Was befremdet, ist der antiquierte Gedanke dahinter, nämlich dass die Kirche immer noch der Mittelpunkt des Dorfes ist. Eine Sichtweise, die sich im Übrigen mit der des Hessischen Rundfunks deckt. In der hr-Serie „Das Dolle Dorf“ werden wo immer möglich die Aktivitäten des jeweiligen Pfarrers oder der jeweiligen Pfarrerin ausführlich dargestellt. In der Moderaton hieß es sogar, in dem Dorf, über das berichtet wurde, gäbe es glücklicherweise noch eine Kirche. Unser Nachfrage, warum „glücklicherweise“, wurde bislang nicht beantwortet, aber das nur am Rande.
Zuerst war die Kirche da – drumherum müssen Sie Ihre zusammenhängende Siedlung bauen.
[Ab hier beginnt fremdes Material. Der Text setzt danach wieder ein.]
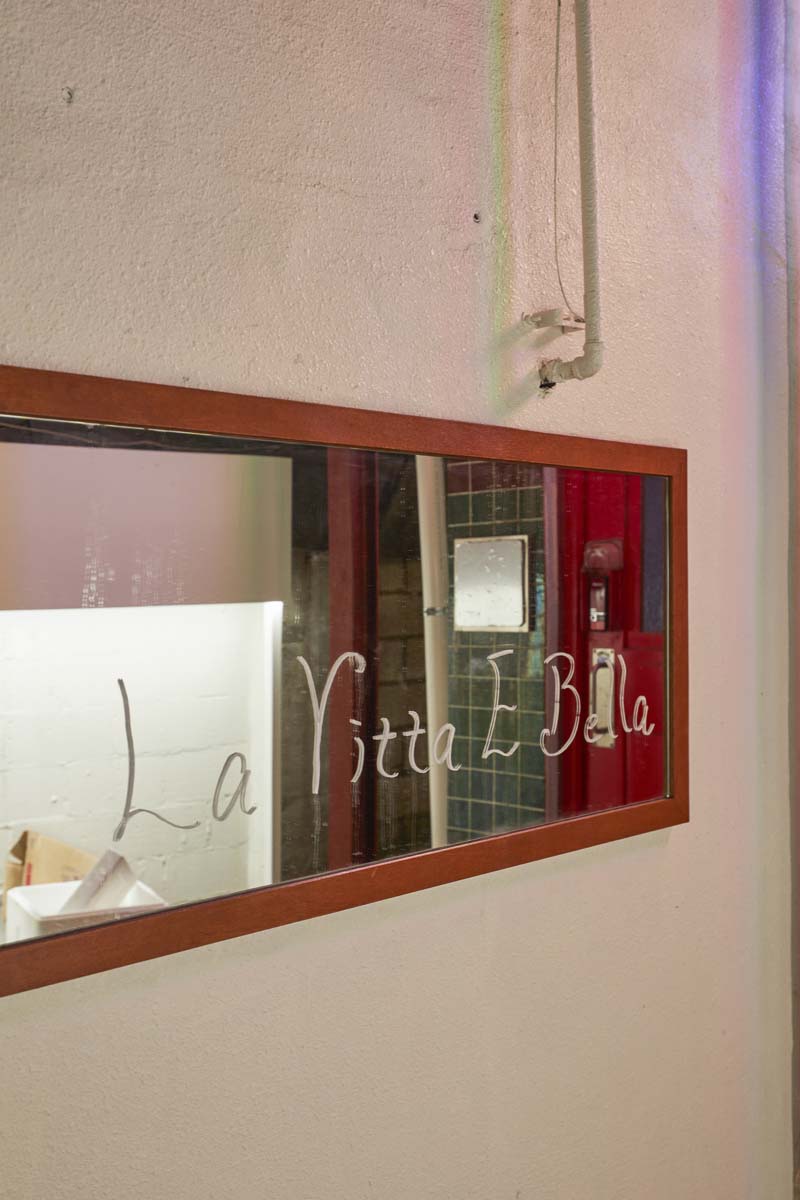 25 平米温馨咖啡馆，打造小空间大设计的典范-20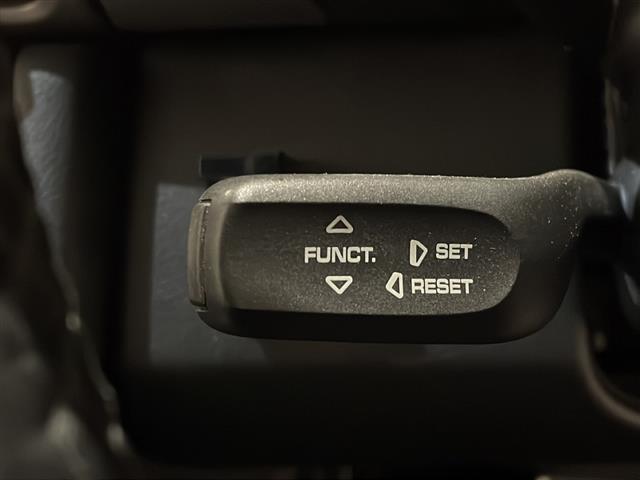 911 911カレラ4 スポーツクロノパッケージ GT3RS仕様バンパー イエローキャリパー RECAROシート 黒革シート 社外ナビ バックカメラ ETC ドラレコ(16枚目)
Lass die Kirche im Dorf, Spielanleitung
Tatsache ist, die Kirche spielt im Leben der Menschen, auch der auf dem Dorf, immer weniger die Hauptrolle. Und auch die Zahl der Pfarrer:innen – katholisch wie evangelisch – geht konstant zurück. Bei den Katholiken ist die Zahl der Priester seit 1997 um 30 Prozent gesunken, die der Priesterkandidaten sogar um 72 Prozent. Der possierliche Monsignore aus dem Spiel ist definitiv Vergangenheit. Gefragt ist heute eher der Typ Wanderprediger, der mehrere Gemeinden betreut und zwischen ihnen hin- und herpendelt. Was vielleicht auch daran liegt, dass der Bedarf an christlicher Lebensbetreuung deutlich gesunken ist: Die Zahl der katholischen Taufen ging von 2000 bis 2019 und 32 Prozent zurück, die Zahl der katholischen Trauungen sogar um 40 Prozent.
In der Evangelischen Kirche in Hessen und Nassau soll die Zahl der Pfarrstellen von 2020 bis 2024 von jetzt 1500 auf 1300 reduziert werden.
Evangelische Kirche sucht in den kommenden Jahren tausende Pfarrer
In der evangelischen Kirche sieht es nicht viel besser aus (nur es ist hier schwieriger, an Zahlen zu kommen). Immerhin: Die Konfirmationen sind von 2008 bis 2019 um satte 35 Prozent zurückgegangen. Und die EKD leidet schon seit einigen Jahren unter einem massiven Altersproblem: 2014 war die Hälfte der ordinierten Theologen in der Landeskirche Hannover 52 Jahre und älter – Tendenz rapide steigend.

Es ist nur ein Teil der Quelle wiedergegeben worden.